Providing Quality Child Care

Quality child care means, consistent response to signals, being available for communication, and alleviating stress (Sroufe, et al., 1996). This practice then creates a base for mother-child attachment, enabling the child to have confidence in the presence of other caregivers. In a recent study of quality mother-child relationship, a survey was conducted asking children “how often the mother praises the child, criticizes the child, how likely the child would be to go to the mother if he or she had a major decision to make or was feeling depressed” (Lansford, et al., 2001). The same study also measured the mothers’ time with children both for quantity and quality, as well as parental monitoring of children for how well the mother knew about the child’s life.
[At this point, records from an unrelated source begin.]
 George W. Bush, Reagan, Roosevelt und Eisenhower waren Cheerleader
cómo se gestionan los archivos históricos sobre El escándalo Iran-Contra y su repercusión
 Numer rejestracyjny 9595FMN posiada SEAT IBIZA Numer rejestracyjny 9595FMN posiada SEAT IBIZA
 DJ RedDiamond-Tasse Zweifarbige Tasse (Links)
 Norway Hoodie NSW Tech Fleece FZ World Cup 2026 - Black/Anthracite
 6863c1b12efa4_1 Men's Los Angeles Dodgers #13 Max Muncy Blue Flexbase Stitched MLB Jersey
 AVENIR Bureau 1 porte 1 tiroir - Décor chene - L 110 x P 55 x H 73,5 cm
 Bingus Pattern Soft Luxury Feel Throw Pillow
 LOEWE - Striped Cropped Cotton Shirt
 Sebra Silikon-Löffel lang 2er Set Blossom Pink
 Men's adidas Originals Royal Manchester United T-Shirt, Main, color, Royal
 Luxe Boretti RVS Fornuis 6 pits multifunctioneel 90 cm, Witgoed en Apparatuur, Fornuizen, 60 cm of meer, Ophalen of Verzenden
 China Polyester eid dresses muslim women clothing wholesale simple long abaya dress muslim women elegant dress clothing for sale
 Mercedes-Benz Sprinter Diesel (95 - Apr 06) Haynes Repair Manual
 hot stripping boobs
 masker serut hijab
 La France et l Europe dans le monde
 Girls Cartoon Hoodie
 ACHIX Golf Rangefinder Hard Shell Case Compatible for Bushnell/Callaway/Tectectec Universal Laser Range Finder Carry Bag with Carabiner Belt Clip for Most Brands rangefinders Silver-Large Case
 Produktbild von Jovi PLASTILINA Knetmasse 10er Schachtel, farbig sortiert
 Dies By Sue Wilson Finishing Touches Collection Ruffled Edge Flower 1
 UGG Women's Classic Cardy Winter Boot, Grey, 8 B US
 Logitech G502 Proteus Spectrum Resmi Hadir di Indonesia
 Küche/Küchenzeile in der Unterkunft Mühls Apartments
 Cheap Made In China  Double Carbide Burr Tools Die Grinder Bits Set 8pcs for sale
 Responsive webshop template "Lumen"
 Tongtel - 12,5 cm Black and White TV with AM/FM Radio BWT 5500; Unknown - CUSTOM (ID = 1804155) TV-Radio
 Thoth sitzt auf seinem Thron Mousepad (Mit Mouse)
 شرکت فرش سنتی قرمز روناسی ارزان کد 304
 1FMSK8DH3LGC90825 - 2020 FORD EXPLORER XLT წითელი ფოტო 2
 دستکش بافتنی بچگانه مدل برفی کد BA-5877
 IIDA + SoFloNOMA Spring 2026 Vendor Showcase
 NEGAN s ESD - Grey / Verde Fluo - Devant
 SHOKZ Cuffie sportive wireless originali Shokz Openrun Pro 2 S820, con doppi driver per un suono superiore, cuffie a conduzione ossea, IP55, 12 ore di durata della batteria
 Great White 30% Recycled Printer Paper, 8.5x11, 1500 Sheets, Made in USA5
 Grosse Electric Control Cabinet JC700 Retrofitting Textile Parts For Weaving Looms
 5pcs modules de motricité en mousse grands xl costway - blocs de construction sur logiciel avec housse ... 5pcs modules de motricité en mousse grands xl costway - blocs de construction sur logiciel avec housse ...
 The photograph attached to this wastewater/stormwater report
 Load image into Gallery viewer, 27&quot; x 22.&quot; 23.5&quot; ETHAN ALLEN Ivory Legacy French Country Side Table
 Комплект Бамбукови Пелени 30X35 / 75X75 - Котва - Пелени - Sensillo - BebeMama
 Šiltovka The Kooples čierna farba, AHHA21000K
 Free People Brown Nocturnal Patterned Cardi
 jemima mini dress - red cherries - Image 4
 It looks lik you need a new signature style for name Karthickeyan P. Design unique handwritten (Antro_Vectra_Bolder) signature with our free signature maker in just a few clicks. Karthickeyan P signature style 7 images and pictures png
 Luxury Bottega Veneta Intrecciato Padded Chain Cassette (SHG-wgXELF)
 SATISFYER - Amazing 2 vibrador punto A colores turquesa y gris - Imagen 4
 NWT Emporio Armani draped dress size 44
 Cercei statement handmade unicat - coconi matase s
These standards show that providing consistent quality child care requires availability and significant time commitment.

Admittedly, single mothers face significant difficulty in providing quality child care for their children. Rani (2006) found that a combination of parenting single handedly, financial tension, and strain of over load often lead to neglect of children. “Time poverty is the flipside of sole mothers’ employment” (Craig, 2005, p. 522). Craig’s research was conducted in Australia and its applicability to the United States is unknown, but its results are noteworthy. This study categorized a mother’s time committed to child care as being either a primary activity or secondary activity for the mother. No significant difference in time commitment was found between married and single mothers in providing child care as a primary activity. However, as a secondary activity, not requiring active involvement with the child but constricting the mother from certain tasks, single mothers were found to commit more time to child care. These mothers compensated for the lack of time provided by a father by cutting down both outside work and house work, and by spending time supervising the children while engaging in other tasks (Craig, 2005). On the other hand, a study in India revealed conflicting results: “The [single] mothers did not have time to spend with children and faced problems in disciplining the children” (Rani, 2006, p. 8).

Additionally, the absence of a father aids in the difficulty of providing appropriate discipline. A father’s approach to child rearing differs from that of a mother ( Hamilton, 1977 ) and seems to promote achievement motivation. That may be why children raised apart from their fathers tend to “exhibit lower academic performance than those raised with their fathers” (Swihart & Brigham, 1982, p. 62). Furthermore, a boy models and identifies in his father more than in his mother. A father ’s involvement is invaluable in a girl’s life also as it promotes discipline and sex role learning (Hamilton, 1977). It appears that the absence of the father deprives children of numerous learning opportunities.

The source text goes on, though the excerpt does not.